The case of a boy who has been held in solitary confinement at Feltham prison will be heard in the High Court on Tuesday (April 25).
A judicial review has been brought by Howard League for Penal Reform over the confinement of the boy, at the Feltham Young Offenders Institution (FYOI), which it argues is unlawful.
Only identified as AB, the boy has been locked up alone in his cell for 23 and-a-half hours a day, meaning he got 30 minutes out of his cell a day, and has been denied any educational provision.
A legal team at the charity applied for a judicial review in February, and will represent the boy at the Royal Courts of Justice.
Earlier this year the government admitted that for long periods of the boy's time in custody, aspects of his treatment were unlawful.
The Equality and Human Rights Commission has been granted permission to intervene in the case.
Frances Crook, chief executive of the Howard League for Penal Reform, said: “This is a widespread problem and it is getting worse.
"In just the last week, several more children, held in prisons across the country, have asked the Howard League for help because they are in almost total isolation.
“Some of the children we have represented have been in solitary confinement for up to nine months and have been subject to very similar regimes to the boy in this case.
"They have been allowed out of their cells for about 30 minutes a day, with little or no access to education, limited access to exercise or fresh air, and no association or meaningful intervention.”

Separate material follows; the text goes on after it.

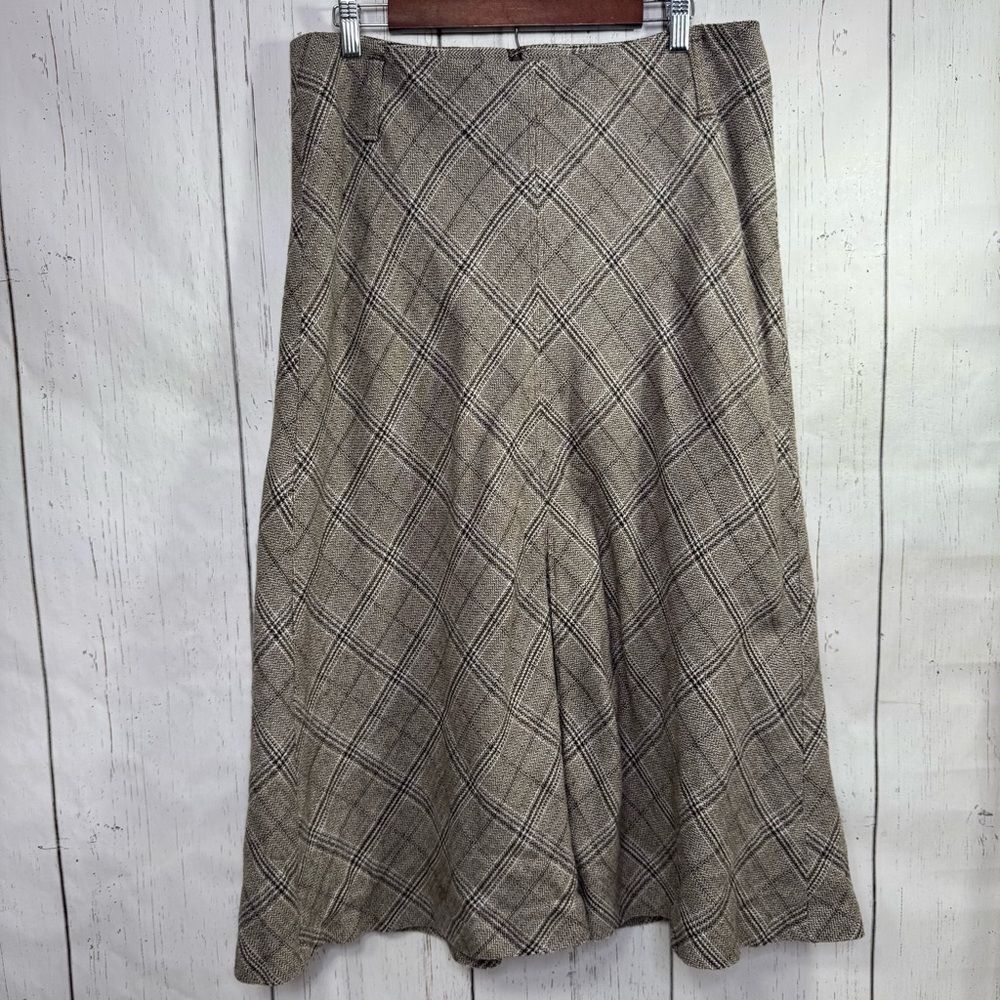 Jones Wear Plaid Wool Blend Midi Skirt Size 14 Dark Academia Classic Vintage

The charity says the UK is out of sync with international consensus that children should not be placed in isolation.
There is evidence to suggest prolonged confinement can have lasting effects on a child's mental health.
In an annual report for 2014-15, HM Chief Inspector of Prisons reported in Feltham “26% of the population were being managed on units under a restricted regime that excluded them from activities and meant that they were unlocked for less than an hour a day – in effect, solitary confinement on their residential units”.
The legal case for AB argues his treatment is in breach of the United Nations’ Mandela Rules, which prohibit the use of solitary confinement for children.